Data block:
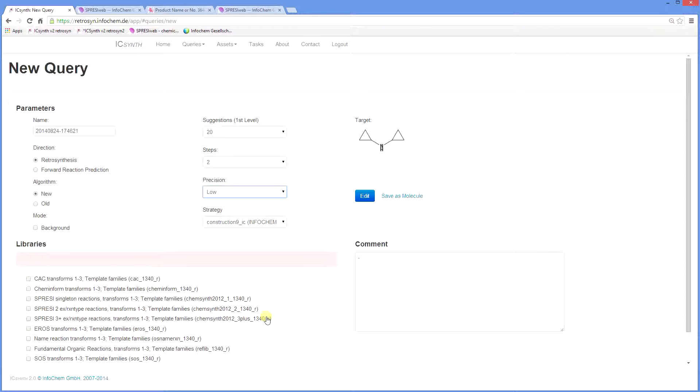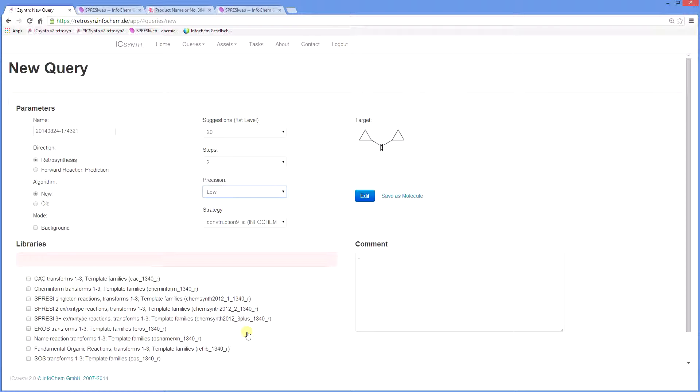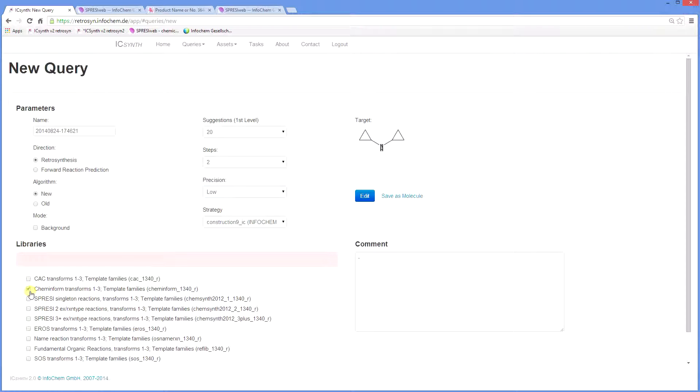Finally, you need to choose which of the reaction libraries you wish to use. These are at the heart of ICSynth, which is an algorithmic chemical knowledge base of transform libraries. They are automatically generated from some well-known published reaction databases. In this case, we will select ChemInform, Spresi with three or more reaction examples, and name reaction transformations.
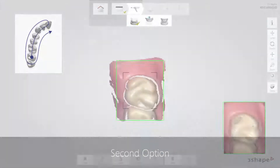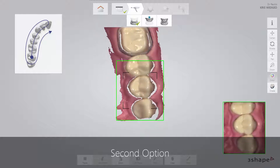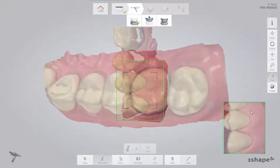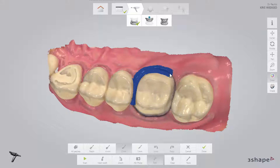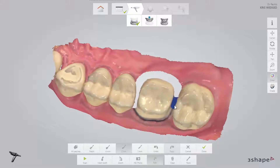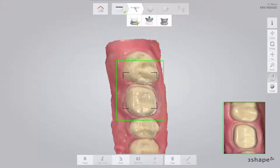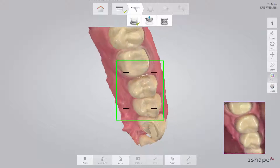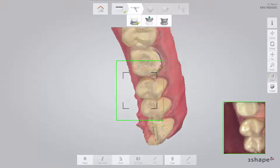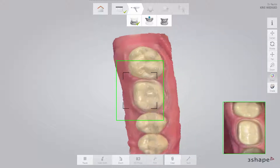The second option is to leave the retraction cord in place and scan the arch following the scan strategy. Then trim away the margin in the scan with the trim tool. Remove the retraction cord, dry the teeth, and scan the margin immediately before the gingiva collapses. No matter which method you prefer, make sure that you cover the prepped area entirely, including the margin line and contact points.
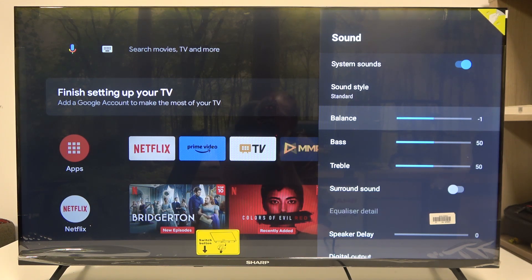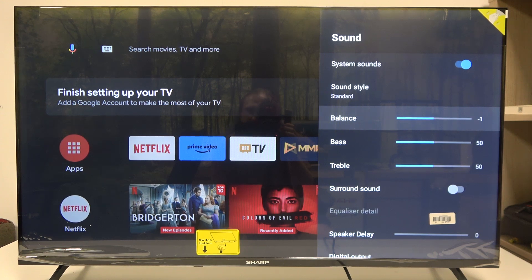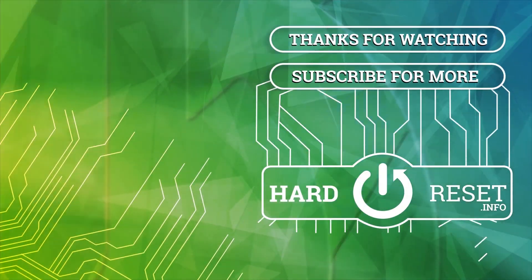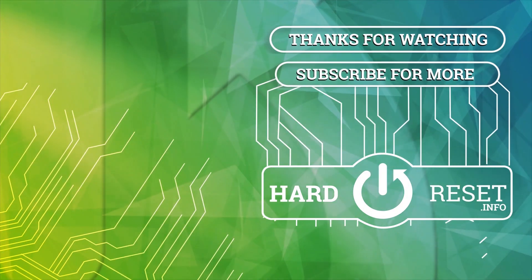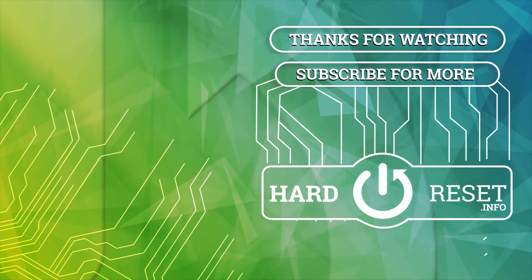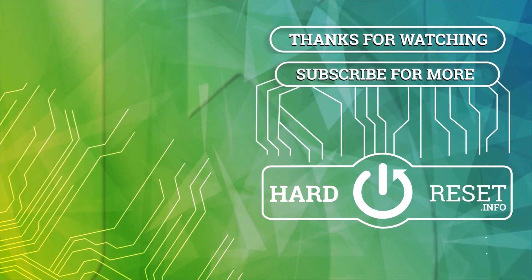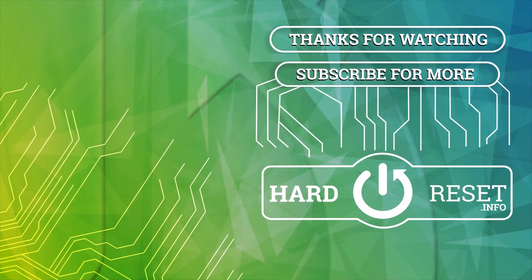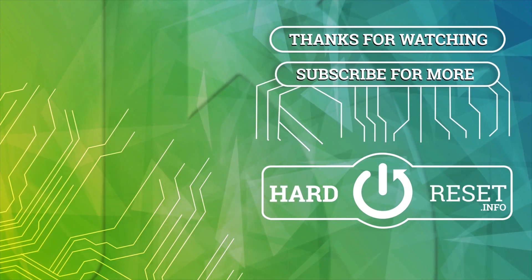And that's it for this video, hope you like it. Please consider subscribing to our channel, leave a like and a comment below. Thank you.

What the task asks: Omitting all pictures, restate exactly the lines of the material from its start through the line that contains "The second option".

Answer space:
Finally, you need to choose which of the reaction libraries you wish to use. These are at the heart of ICSynth, which is an algorithmic chemical knowledge base of transform libraries. They are automatically generated from some well-known published reaction databases. In this case, we will select ChemInform, Spresi with three or more reaction examples, and name reaction transformations.
The second option is to leave the retraction cord in place and scan the arch following the scan strategy. Then trim away the margin in the scan with the trim tool. Remove the retraction cord, dry the teeth, and scan the margin immediately before the gingiva collapses. No matter which method you prefer, make sure that you cover the prepped area entirely, including the margin line and contact points.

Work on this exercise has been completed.